The recursive argument takes the “80” and “20” of the 80-20 rule too literally. The point is not the exact ratios. The point is that return on effort invested is not uniformly distributed. In fact, it’s often far from uniformly distributed. I prefer the term Pareto principle to “80-20 rule” just because it does not reference particular numbers that could distract from the general principle.
Could you apply a Pareto principle recursively to English words, say by focusing on the 200 most common words? In fact your could. But that doesn’t mean that you could keep doing this repeatedly, learning only the most common word (“the”) and declaring yourself fluent in English. This doesn’t negate the fact that the importance of English words is very unevenly distributed.
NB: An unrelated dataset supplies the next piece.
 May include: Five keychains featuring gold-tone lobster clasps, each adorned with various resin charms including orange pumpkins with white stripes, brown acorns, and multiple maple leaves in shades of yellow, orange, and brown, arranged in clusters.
Another objection is the completionist argument. It says that everything has to be done, so the fact that you get less return on some things than others doesn’t matter. For example, the letters E, T, and A appear about 100 times as often as J, Q, and Z. That doesn’t mean you could leave J, Q, and Z off your keyboard. On the other hand, it does mean that you might design a keyboard so that E, T, and A are easier to reach than J, Q, and Z. And Samuel Morse was smart to assign his shortest codes to the most frequently used letters. 
A final objection is the ignorance argument: we simply don’t what the most effective 20% will be beforehand. This is a serious objection, and it should temper our optimism regarding the Pareto principle. If a salesman knew which 20% of his prospects were going to buy, he should just sell to them. But of course he doesn’t know ahead of time who those 20% will be. On the other hand, he has some idea who is likely to buy (and how much they may buy) and doesn’t approach prospects randomly.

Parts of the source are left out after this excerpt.